My Mother was brought up by her Grandmother. Mum called her “Didumoni”. The next generation of kids called her “Nani”. The rest of the world called her “Maiji”.
Nani always wore a white tanter sari with black or navy blue border, a thick gold chain around her wrinkled neck, two gold bangles, one in each blissfully fair arm, the blue veins of which had started showing by the time I was a pre-teen, and the house keys in a silver keychain tightly gripped in her trembling but strong hands. I remember Nani always on her wheelchair. She passed on when she was 94.

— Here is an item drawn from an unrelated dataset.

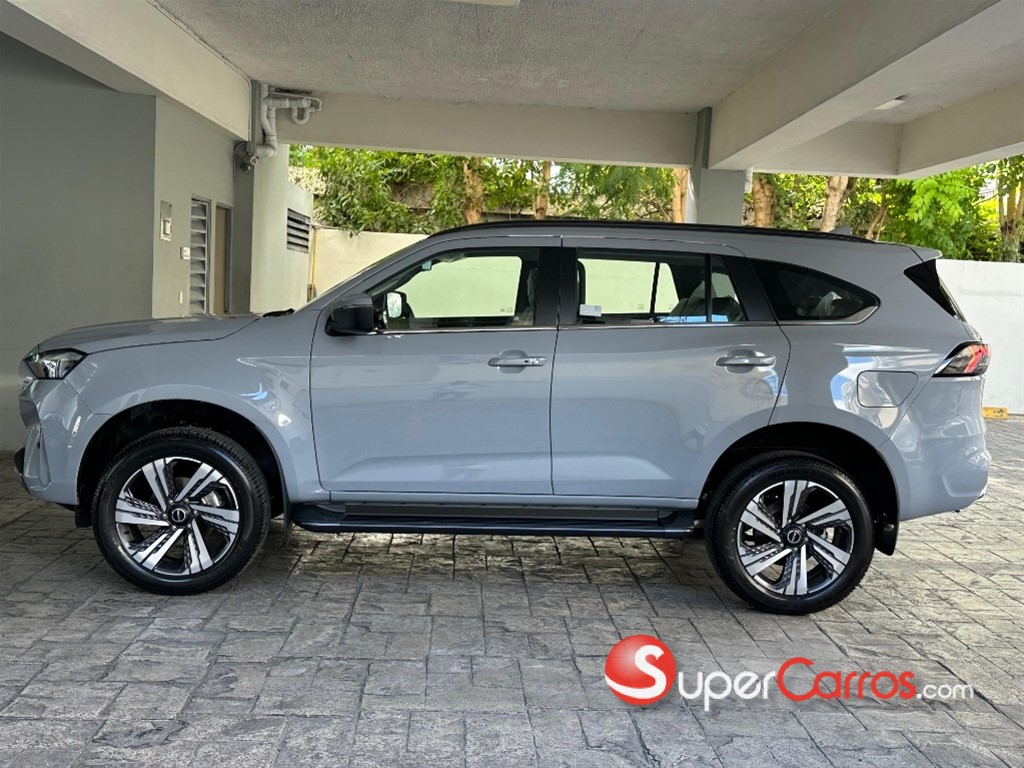 2027 Isuzu Mux — foto 3 / 8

Having a great grand mother living in the same city as we did meant I got to see a lot of Bengali traditions growing up. Like this Alu Chorchori which when literally translated means a potato mishmash! The Alu Chorchori was always cooked in an aluminum karahi (wok) in Nani’s home, and served in a Kansa bowl. I don’t have a Kansa bowl here, but what I do have is a virgin aluminum kodai which is good for any slow cooking because of its heavy base.
My Mum carried forward a lot of traditional recipes she learnt from her Grandmother, and since then passed them on to my little sister and me. Though I cannot vouch for my sister’s cooking! Last I know, she had ordered pizza for dinner.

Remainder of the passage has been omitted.